Riad Nur wenige Stunden nach seiner Thronbesteigung vor einem Jahr kündigte der saudi-arabische König Salman tiefgreifende Veränderungen in der Sicherheits- und Wirtschaftspolitik sowie der Thronfolgeregelung an. Unverzüglich zog er zwei Söhne seines Vorgängers Königs Abdullah von Gouverneursposten ab und schaffte zwölf Regierungskomitees und -räte ab. Seinen damals 29-jährigen Sohn machte er zum Verteidigungsminister und Führungsmitglied in zwei neuen Ausschüssen zur Sicherheits- und Wirtschaftspolitik.

König Abdullah hatte Saudi-Arabien zehn Jahre lang regiert.
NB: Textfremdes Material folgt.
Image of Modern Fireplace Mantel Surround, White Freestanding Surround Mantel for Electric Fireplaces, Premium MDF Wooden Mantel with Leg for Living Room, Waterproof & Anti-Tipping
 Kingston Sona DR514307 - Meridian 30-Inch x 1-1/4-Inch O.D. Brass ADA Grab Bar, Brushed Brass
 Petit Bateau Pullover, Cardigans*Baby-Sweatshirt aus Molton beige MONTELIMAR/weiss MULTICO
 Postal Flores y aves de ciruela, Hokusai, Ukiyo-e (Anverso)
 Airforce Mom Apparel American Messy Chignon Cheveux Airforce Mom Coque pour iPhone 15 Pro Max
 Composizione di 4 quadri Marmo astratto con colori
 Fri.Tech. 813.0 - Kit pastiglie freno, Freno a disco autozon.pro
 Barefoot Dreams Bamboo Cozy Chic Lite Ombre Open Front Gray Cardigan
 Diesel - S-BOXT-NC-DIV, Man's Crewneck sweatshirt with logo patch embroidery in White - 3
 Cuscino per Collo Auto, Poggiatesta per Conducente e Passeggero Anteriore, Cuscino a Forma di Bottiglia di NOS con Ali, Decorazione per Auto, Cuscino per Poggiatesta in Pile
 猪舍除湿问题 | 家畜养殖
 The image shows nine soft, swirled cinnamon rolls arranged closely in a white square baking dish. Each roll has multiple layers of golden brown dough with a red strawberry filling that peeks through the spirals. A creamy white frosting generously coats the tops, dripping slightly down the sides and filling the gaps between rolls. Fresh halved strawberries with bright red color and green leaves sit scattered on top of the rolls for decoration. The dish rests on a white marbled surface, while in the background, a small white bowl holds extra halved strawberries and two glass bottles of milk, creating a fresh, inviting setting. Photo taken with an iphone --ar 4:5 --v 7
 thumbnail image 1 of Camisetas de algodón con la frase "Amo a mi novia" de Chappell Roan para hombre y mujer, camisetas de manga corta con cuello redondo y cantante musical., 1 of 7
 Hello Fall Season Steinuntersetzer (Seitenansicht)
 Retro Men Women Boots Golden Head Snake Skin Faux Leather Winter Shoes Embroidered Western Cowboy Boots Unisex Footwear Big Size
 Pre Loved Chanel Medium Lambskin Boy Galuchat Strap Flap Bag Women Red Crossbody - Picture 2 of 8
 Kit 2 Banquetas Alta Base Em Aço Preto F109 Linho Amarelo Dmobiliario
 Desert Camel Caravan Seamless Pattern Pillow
Er starb im vergangenen Jahr am 23. Januar im Alter von 90 Jahren. Sein Halbbruder Salman, der Mitte 80 sein soll, folgte ihm noch am selben Tag auf den Thron. Seither verfolgt das Land eine deutlich aggressivere Haltung gegenüber dem langjährigen Erzrivalen Iran: Saudi-Arabien führt eine Militärkoalition zur Bekämpfung von mit dem Iran verbündeten Aufständischen in Jemen an und setzte sich vergeblich gegen das internationale Atomabkommen mit dem Iran ein.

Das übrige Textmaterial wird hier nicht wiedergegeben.